● **WORK ITEM**
From the line holding "Handcrafted Creative 3D" through the line holding "Polaroid Green Aviator" below, write out every line exactly; include both of those lines and drop the pictures.

● **MATERIAL TO PROCESS**
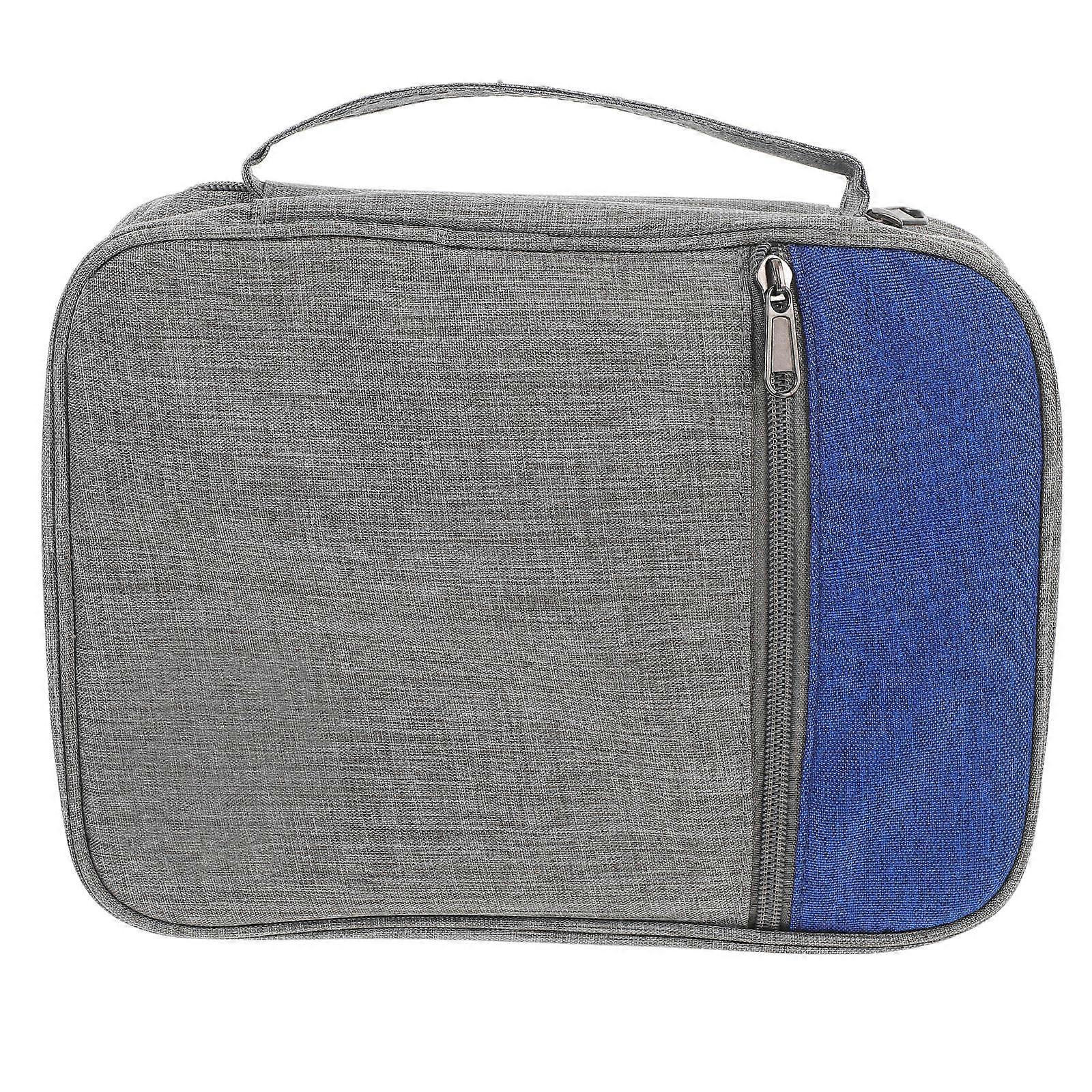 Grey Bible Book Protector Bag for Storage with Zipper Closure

--

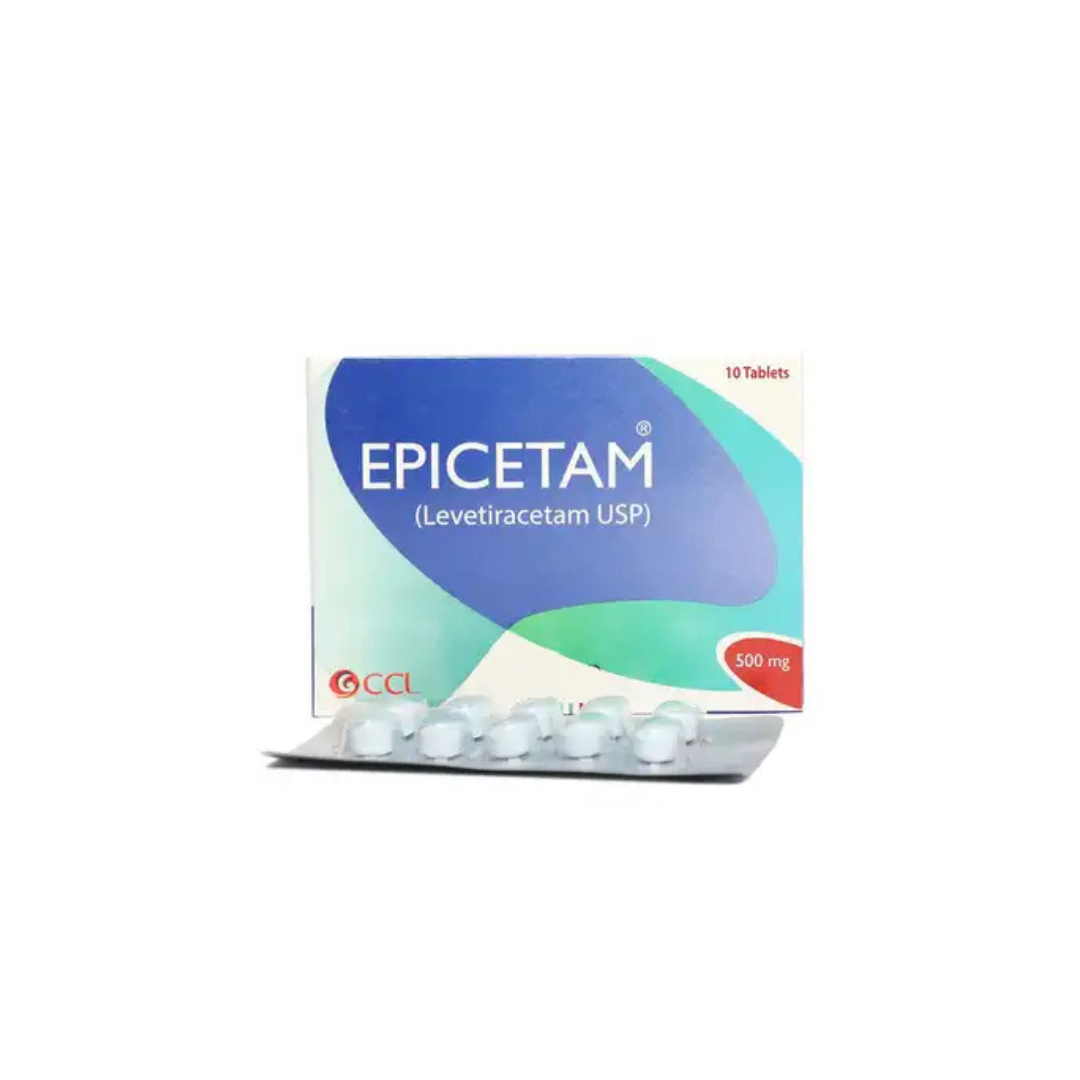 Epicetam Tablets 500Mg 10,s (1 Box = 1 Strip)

* * *

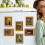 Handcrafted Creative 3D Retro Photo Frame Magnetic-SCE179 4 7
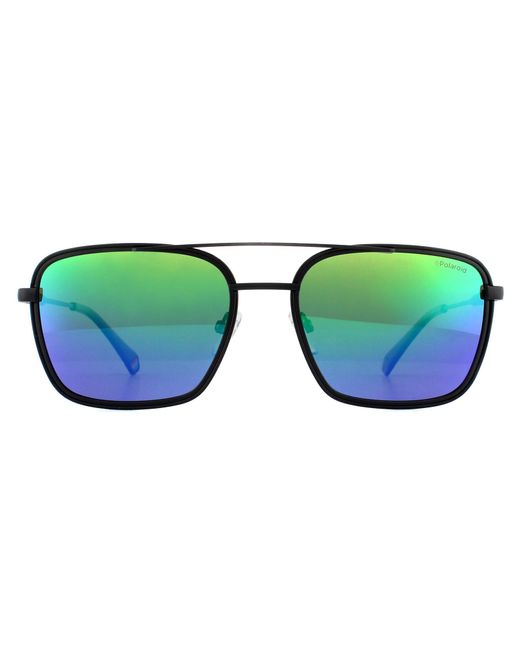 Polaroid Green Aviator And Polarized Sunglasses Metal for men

● **FINISHED EXERCISE**
 Handcrafted Creative 3D Retro Photo Frame Magnetic-SCE179 4 7
 Polaroid Green Aviator And Polarized Sunglasses Metal for men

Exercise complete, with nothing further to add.